The problem: Beginning with the line that holds "Villamartin - Costa Blanca" and ending with the last line, please repeat the entries exactly and omit the pictures.
+--
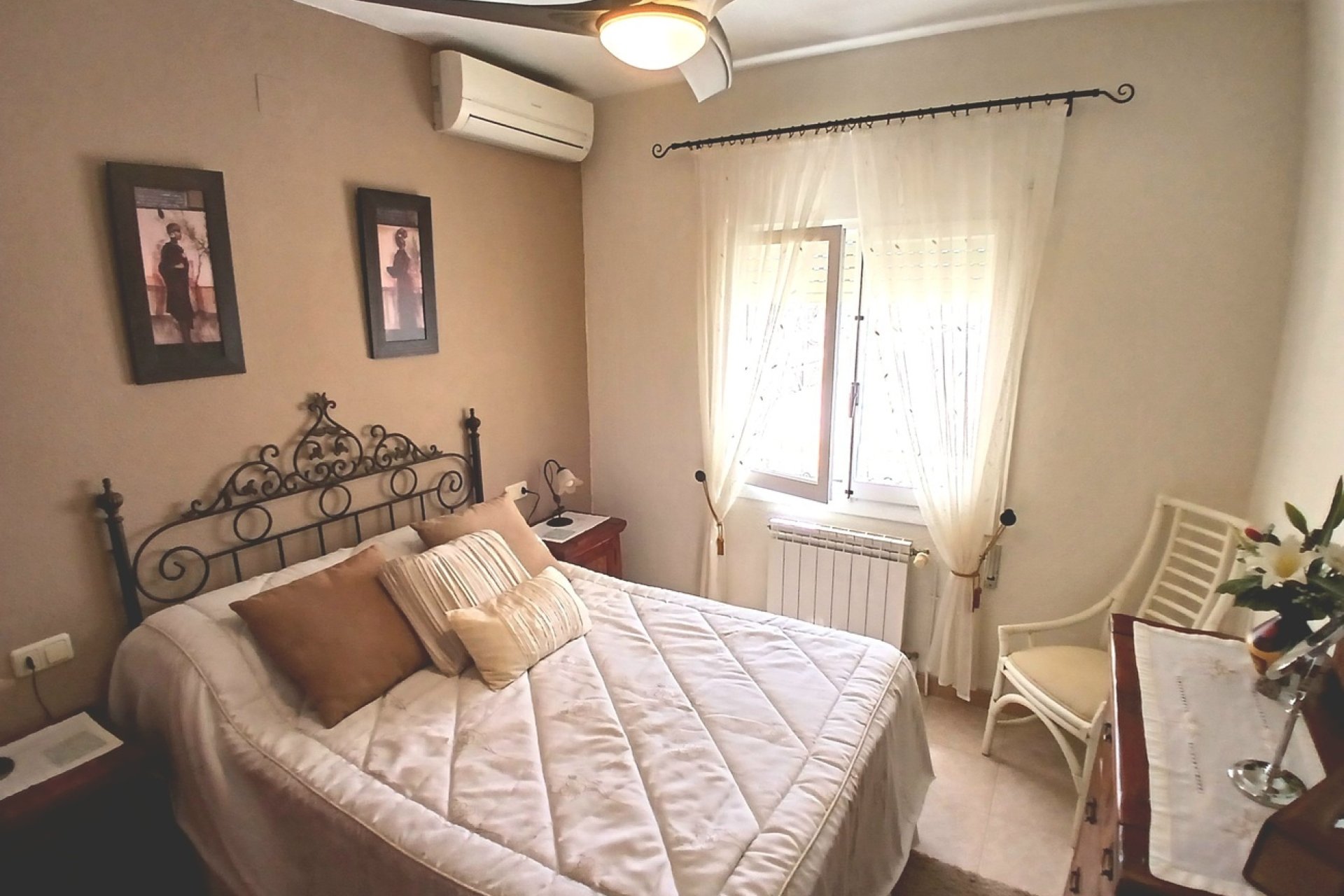 Resale - Villa -
Villamartin - Costa Blanca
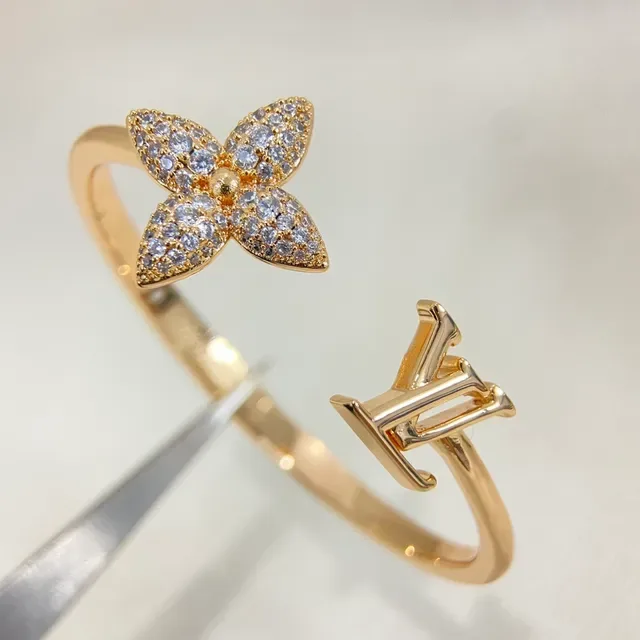 Louis Vuitton Gold Silver Pavé-Set Floral Monogram Logo Ring 6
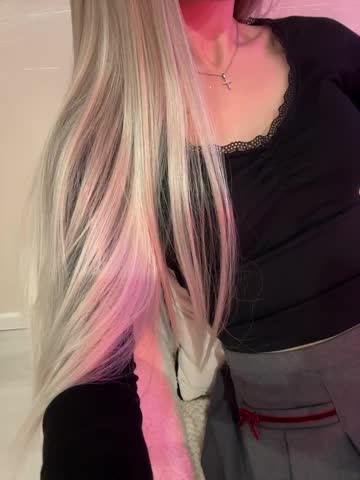 PauLiiine Live Sex December 28, 2025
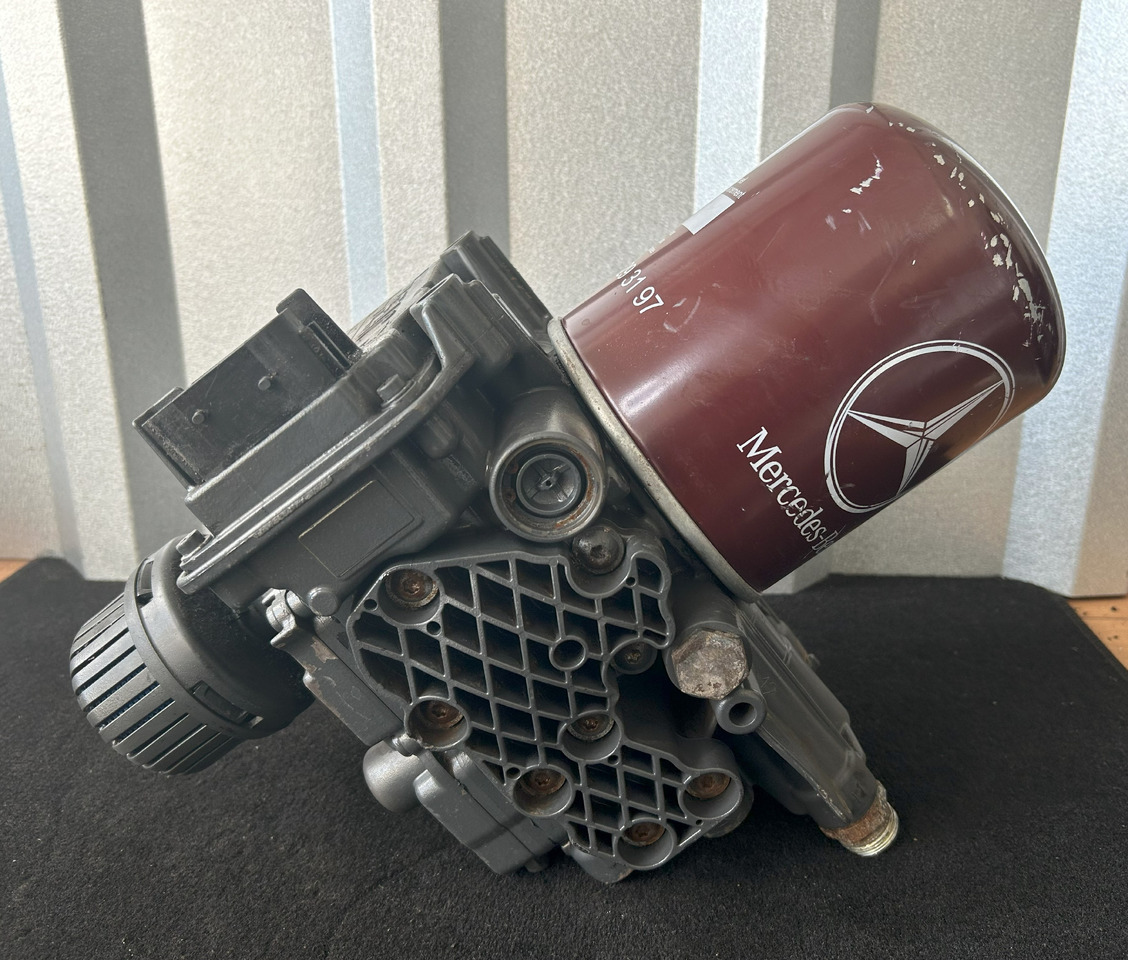 MERCEDES-BENZ ACTROS MP4 EAPU AIR DRYER - Детали тормозной системы для Грузовиков: фото 1 MERCEDES-BENZ ACTROS MP4 EAPU AIR DRYER - Детали тормозной системы для Грузовиков: фото 1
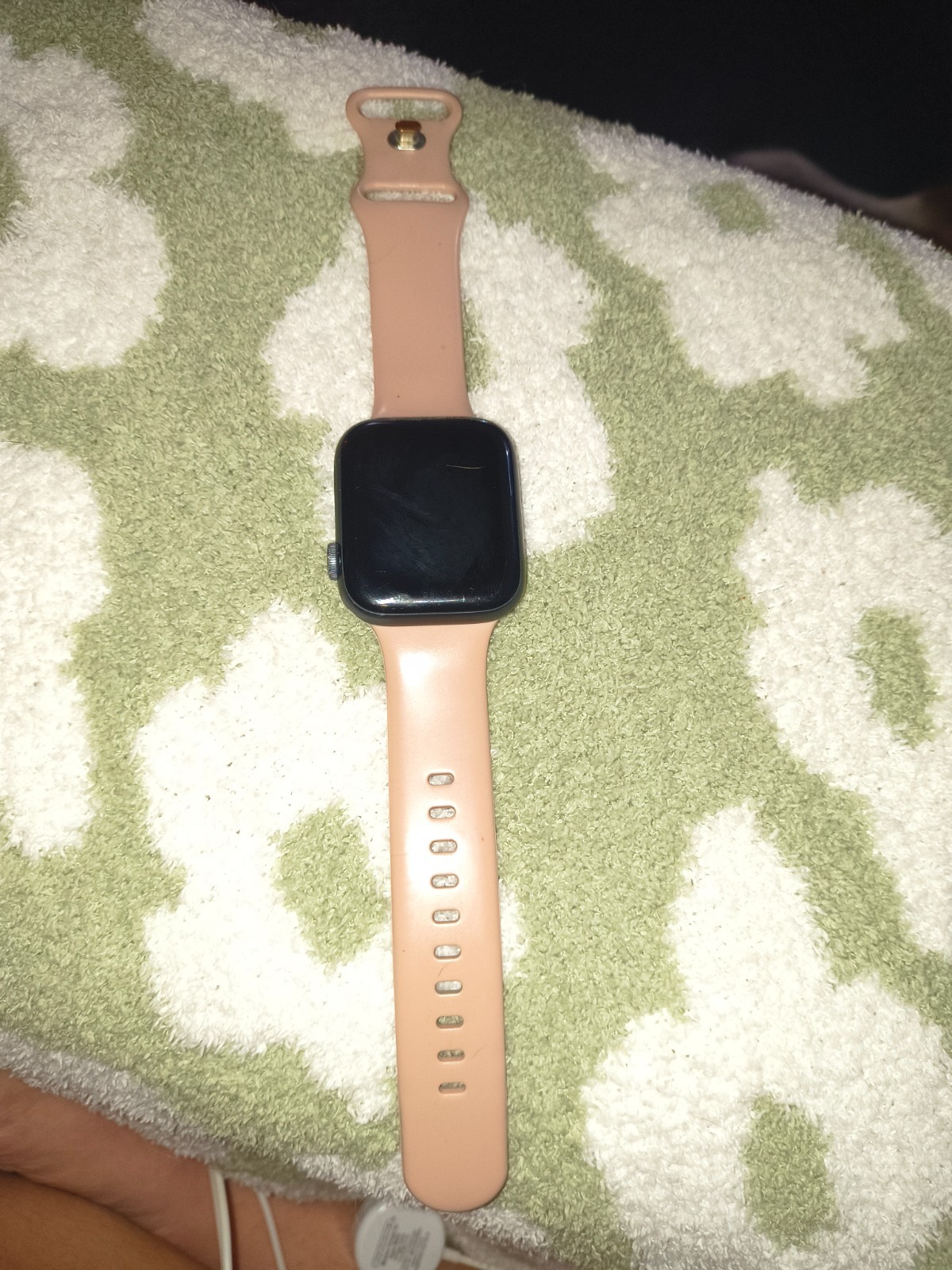 Apple Watch Series 6 44mm Space Gray Aluminum with band/cord/charge block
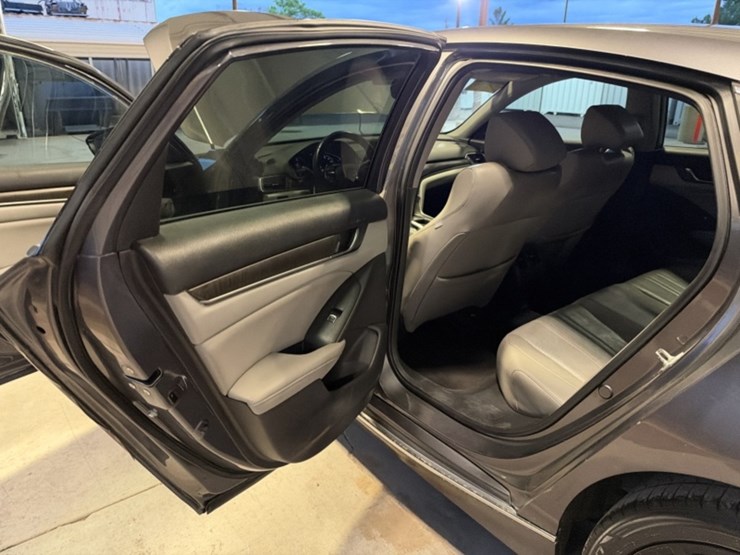 2018-honda-accord-sdn-image-25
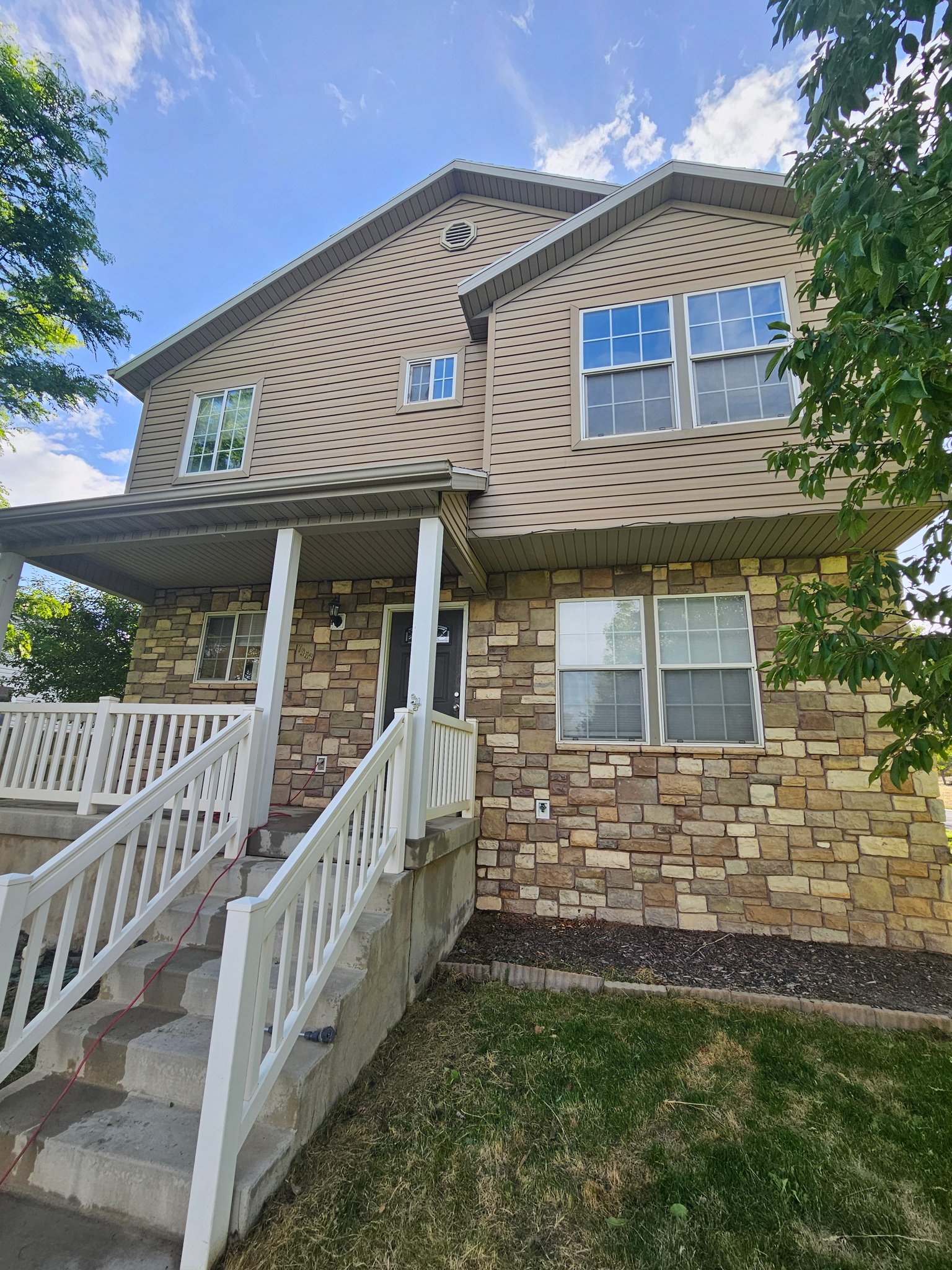 Eagle Mountain House: 7963 N Smith Ranch Rd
+--
Completed exercise:
Villamartin - Costa Blanca
 Louis Vuitton Gold Silver Pavé-Set Floral Monogram Logo Ring 6
 PauLiiine Live Sex December 28, 2025
 MERCEDES-BENZ ACTROS MP4 EAPU AIR DRYER - Детали тормозной системы для Грузовиков: фото 1 MERCEDES-BENZ ACTROS MP4 EAPU AIR DRYER - Детали тормозной системы для Грузовиков: фото 1
 Apple Watch Series 6 44mm Space Gray Aluminum with band/cord/charge block
 2018-honda-accord-sdn-image-25
 Eagle Mountain House: 7963 N Smith Ranch Rd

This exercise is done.